--- Given entries Enclosed Below ---

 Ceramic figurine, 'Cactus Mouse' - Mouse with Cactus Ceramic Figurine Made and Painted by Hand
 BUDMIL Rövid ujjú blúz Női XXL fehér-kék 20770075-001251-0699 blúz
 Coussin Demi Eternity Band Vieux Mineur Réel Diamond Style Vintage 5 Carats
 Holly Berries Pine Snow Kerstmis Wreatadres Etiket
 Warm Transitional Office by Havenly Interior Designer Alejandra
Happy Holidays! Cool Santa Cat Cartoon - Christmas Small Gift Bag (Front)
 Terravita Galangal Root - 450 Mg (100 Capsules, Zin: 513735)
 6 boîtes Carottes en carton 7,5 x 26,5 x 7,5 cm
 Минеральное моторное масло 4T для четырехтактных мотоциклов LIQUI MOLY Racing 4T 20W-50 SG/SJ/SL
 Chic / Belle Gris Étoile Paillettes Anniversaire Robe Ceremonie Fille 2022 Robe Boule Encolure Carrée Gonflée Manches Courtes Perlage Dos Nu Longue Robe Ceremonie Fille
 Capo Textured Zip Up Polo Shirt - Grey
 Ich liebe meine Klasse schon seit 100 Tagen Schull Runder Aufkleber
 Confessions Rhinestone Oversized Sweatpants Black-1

--- End of Enclosed Given entries ---
--- Given entries Enclosed Below ---

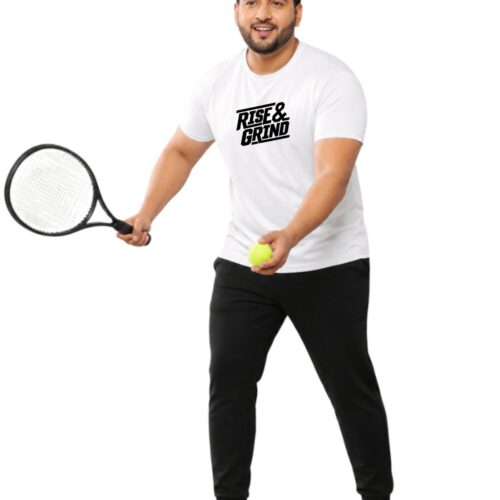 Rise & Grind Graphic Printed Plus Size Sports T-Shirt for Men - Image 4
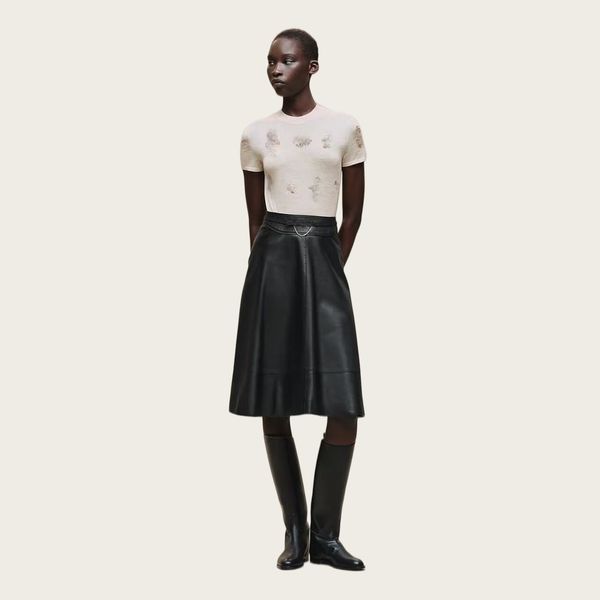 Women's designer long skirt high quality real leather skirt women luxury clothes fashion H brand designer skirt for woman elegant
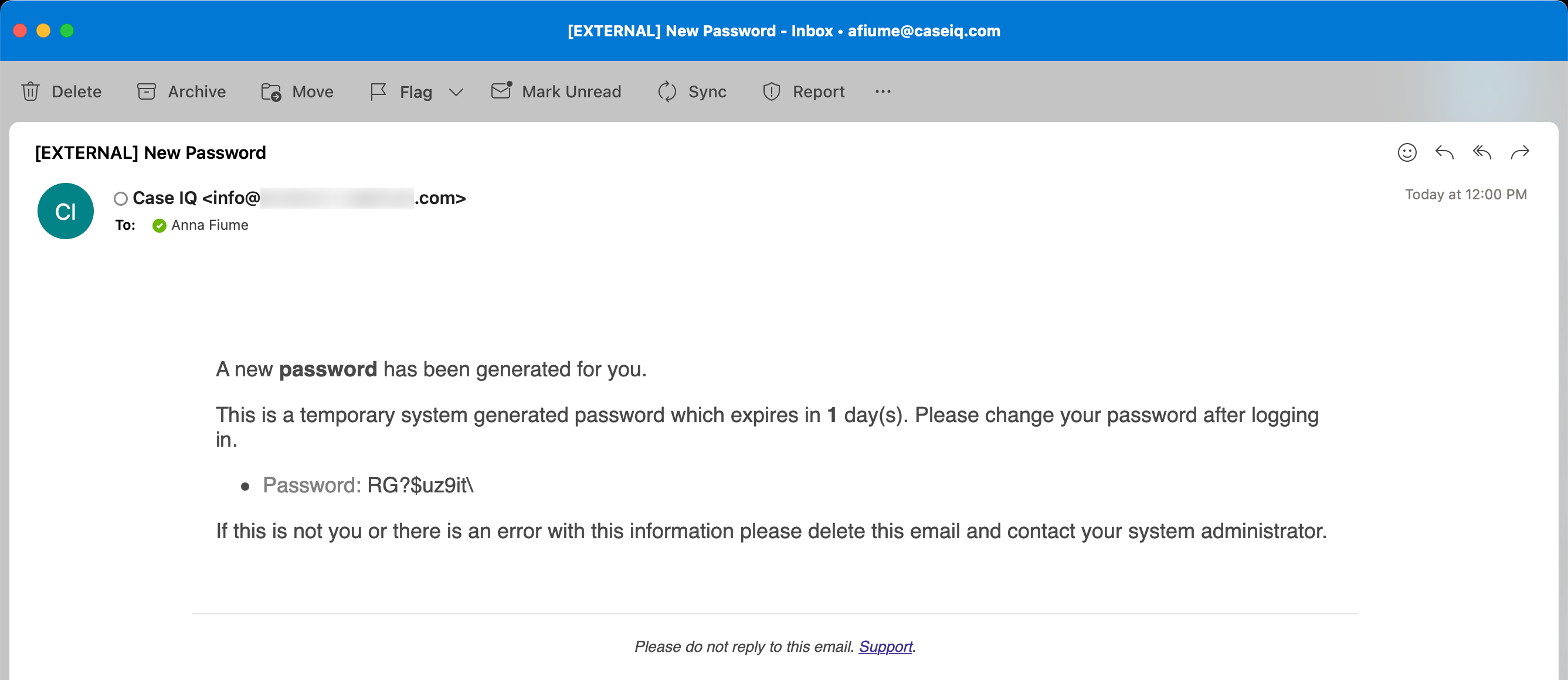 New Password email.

--- End of Enclosed Given entries ---

**What you are asked to do:** Each line in the entries above, starting at the line with "Ceramic figurine, 'Cactus" and ending at the line with "Holly Berries Pine", is to be printed exactly, and only those lines.

**Result of the exercise:**
 Ceramic figurine, 'Cactus Mouse' - Mouse with Cactus Ceramic Figurine Made and Painted by Hand
 BUDMIL Rövid ujjú blúz Női XXL fehér-kék 20770075-001251-0699 blúz
 Coussin Demi Eternity Band Vieux Mineur Réel Diamond Style Vintage 5 Carats
 Holly Berries Pine Snow Kerstmis Wreatadres Etiket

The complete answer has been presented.